Mi vocación de resistencia era total. En uno de los ángulos de la pantalla de la computadora, en un papel rosa, había copiado una frase de Walter Benjamin que leía antes de empezar a escribir. Decía: “Habría que acostumbrar a los escritores a considerar la palabra yo como su reserva de víveres. Así como los soldados no pueden tocar la suya antes de que pasen 30 días, tampoco los escritores deberían desenterrar el yo antes de tener cumplida la treintena.
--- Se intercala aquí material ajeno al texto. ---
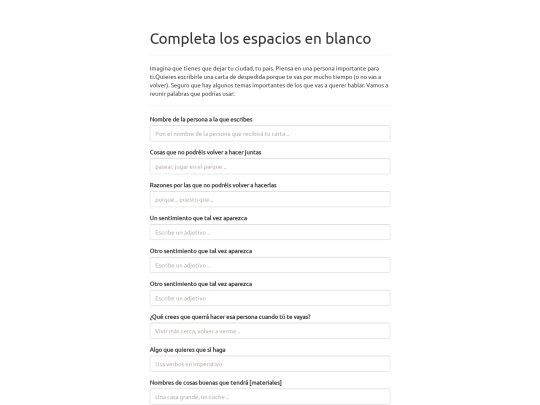 Palabras/palabraspara screenshot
Cuanto más temprano recurren a él, peor entienden su oficio”.

Durante años le esquivé a la posibilidad de escribir sobre mi  hermano mayor, sobre nuestro vínculo empañado por drogas y alcohol. Sin embargo, una noche, tras leer un libro de Steinbeck –periférico en su obra pero central en este relato– me dispuse a hacerlo. Cuando empecé esta historia me propuse no narrarla con la voz de una lágrima que relata su caída. Menos como la biografía de un sobreviviente: nada de eso. Como un gesto de gratitud, pienso, no hay que pedirle tanto a la literatura. Entonces, ¿por qué cuento esta historia?, ¿por qué no puedo no contarla? Como leí hace unos días en uno de los diarios que llevo desde la adolescencia, en una frase que no recuerdo si es propia o ajena, “escribirla se me volvió inevitable: un modo de trascender el estupor y el sin sentido que te queda en el alma cuando experimentas algo cercano.”